▸ What the task requires
Lines in the listing under this task are to be copied exactly.

▸ Supplied data
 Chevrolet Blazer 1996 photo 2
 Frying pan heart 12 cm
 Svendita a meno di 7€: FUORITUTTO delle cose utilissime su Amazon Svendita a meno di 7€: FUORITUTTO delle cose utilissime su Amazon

▸ Result of the exercise
 Chevrolet Blazer 1996 photo 2
 Frying pan heart 12 cm
 Svendita a meno di 7€: FUORITUTTO delle cose utilissime su Amazon Svendita a meno di 7€: FUORITUTTO delle cose utilissime su Amazon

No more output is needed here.